_DATA EXTRACTS_:
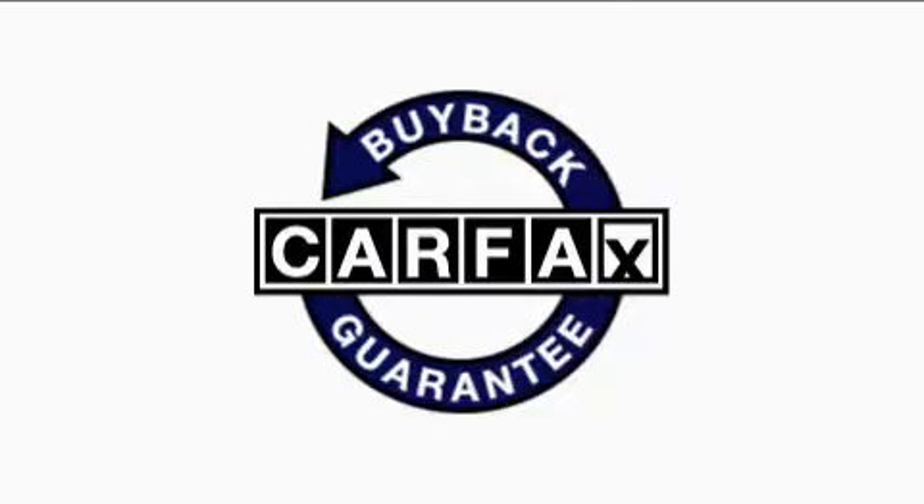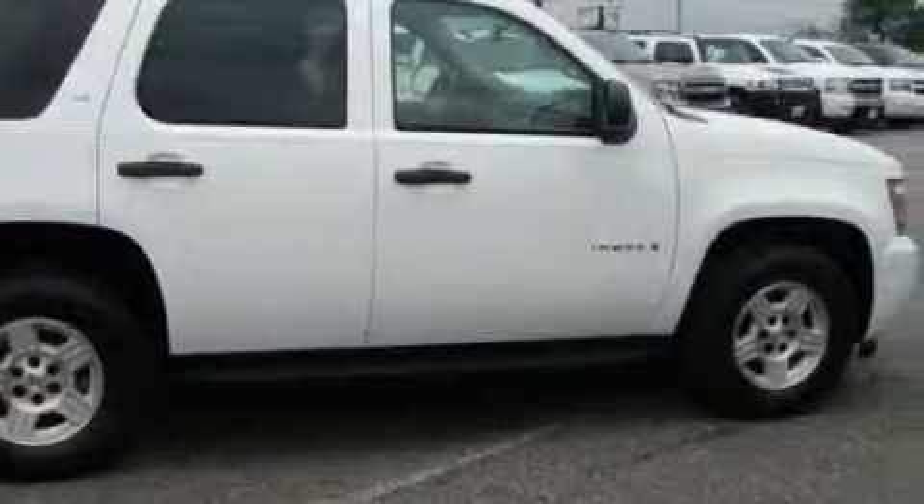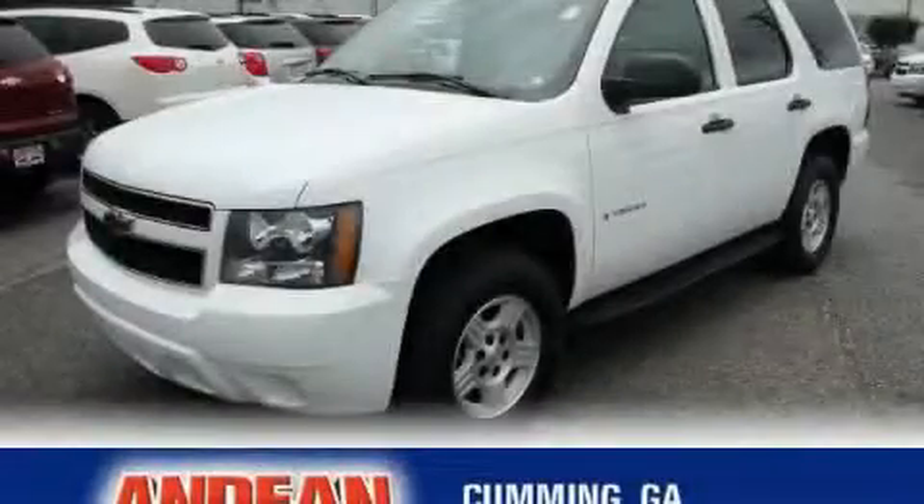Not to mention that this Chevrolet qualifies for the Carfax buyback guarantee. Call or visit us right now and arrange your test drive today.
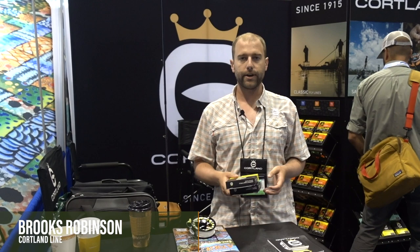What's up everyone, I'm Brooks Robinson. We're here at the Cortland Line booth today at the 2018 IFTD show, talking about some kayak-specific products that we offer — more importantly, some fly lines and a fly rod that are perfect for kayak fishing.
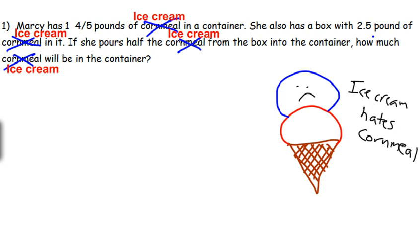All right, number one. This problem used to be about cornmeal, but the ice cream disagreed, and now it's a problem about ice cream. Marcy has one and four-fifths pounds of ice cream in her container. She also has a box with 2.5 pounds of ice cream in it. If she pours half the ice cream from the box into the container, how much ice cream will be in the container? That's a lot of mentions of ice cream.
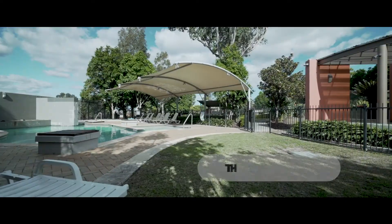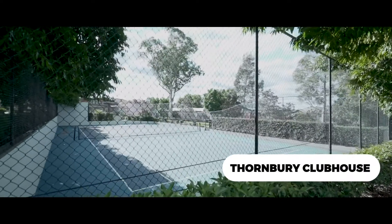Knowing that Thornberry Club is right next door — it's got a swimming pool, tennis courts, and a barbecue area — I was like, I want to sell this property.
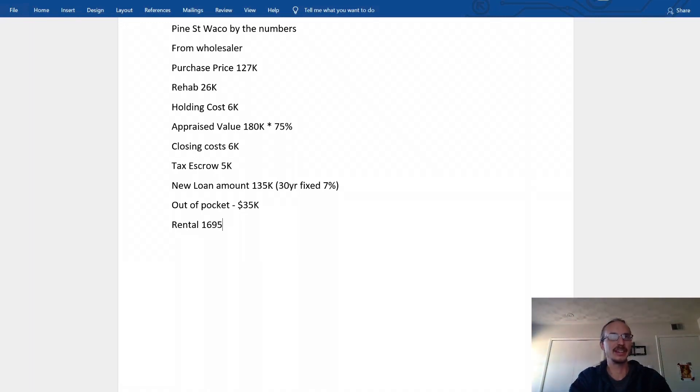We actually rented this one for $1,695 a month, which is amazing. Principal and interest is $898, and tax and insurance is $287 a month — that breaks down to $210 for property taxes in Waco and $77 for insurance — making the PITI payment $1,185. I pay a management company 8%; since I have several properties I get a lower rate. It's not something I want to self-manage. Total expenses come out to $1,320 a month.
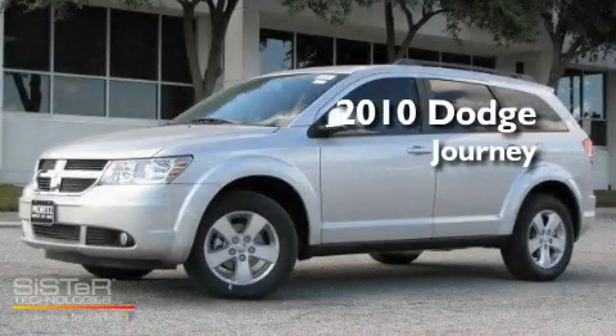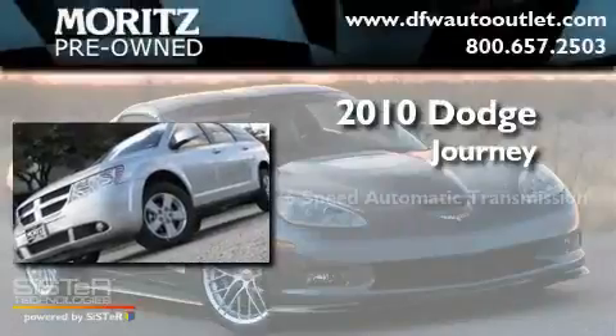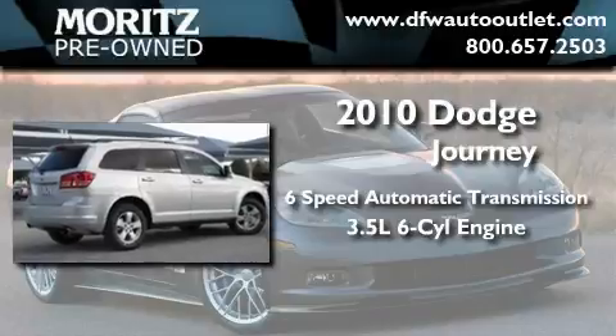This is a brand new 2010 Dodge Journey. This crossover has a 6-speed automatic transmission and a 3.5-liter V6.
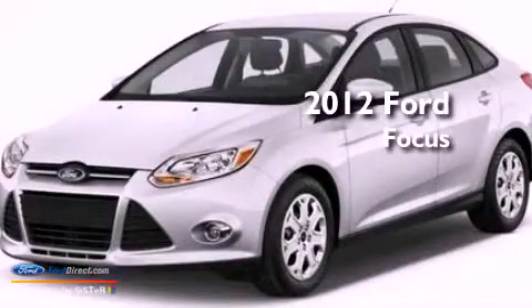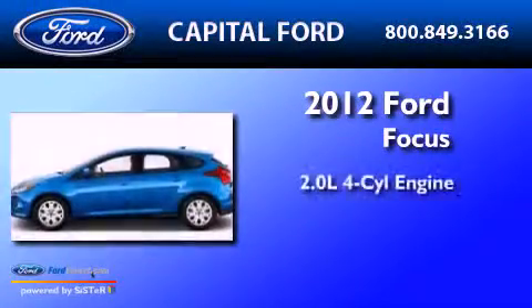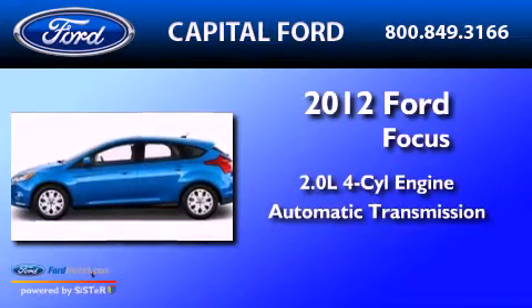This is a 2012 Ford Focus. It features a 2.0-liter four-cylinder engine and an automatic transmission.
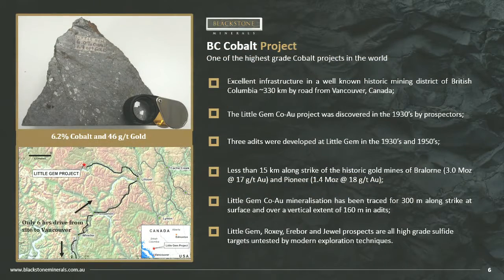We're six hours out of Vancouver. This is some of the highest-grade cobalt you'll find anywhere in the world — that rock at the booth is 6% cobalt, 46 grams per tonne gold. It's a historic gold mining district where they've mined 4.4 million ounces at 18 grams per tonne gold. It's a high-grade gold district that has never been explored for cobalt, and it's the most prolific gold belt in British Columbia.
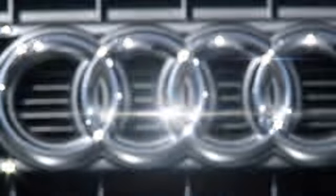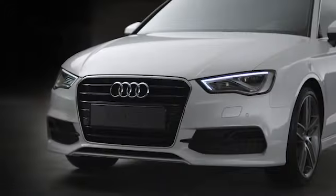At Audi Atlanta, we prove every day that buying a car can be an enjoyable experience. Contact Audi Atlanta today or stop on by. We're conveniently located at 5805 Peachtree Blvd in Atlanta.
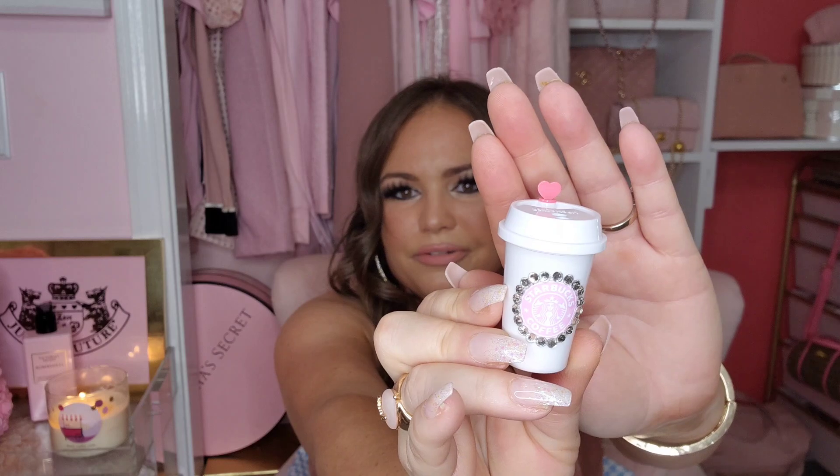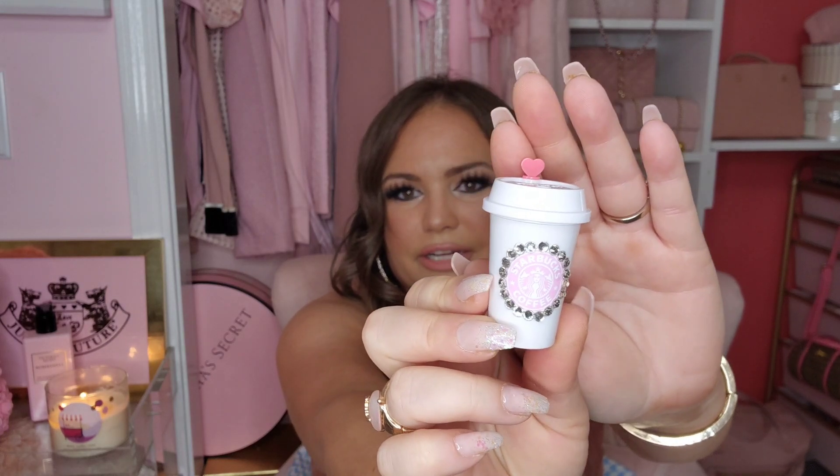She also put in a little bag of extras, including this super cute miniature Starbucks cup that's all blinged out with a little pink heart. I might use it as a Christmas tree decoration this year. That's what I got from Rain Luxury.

_YOUR OBJECTIVE_: Using the material above, transcribe exactly the lines from the one holding "We're six hours" to the one holding "At Audi Atlanta, we", both ends kept. Do not carry over any pictures.

_WRITTEN SOLUTION_:
We're six hours out of Vancouver. This is some of the highest-grade cobalt you'll find anywhere in the world — that rock at the booth is 6% cobalt, 46 grams per tonne gold. It's a historic gold mining district where they've mined 4.4 million ounces at 18 grams per tonne gold. It's a high-grade gold district that has never been explored for cobalt, and it's the most prolific gold belt in British Columbia.
At Audi Atlanta, we prove every day that buying a car can be an enjoyable experience. Contact Audi Atlanta today or stop on by. We're conveniently located at 5805 Peachtree Blvd in Atlanta.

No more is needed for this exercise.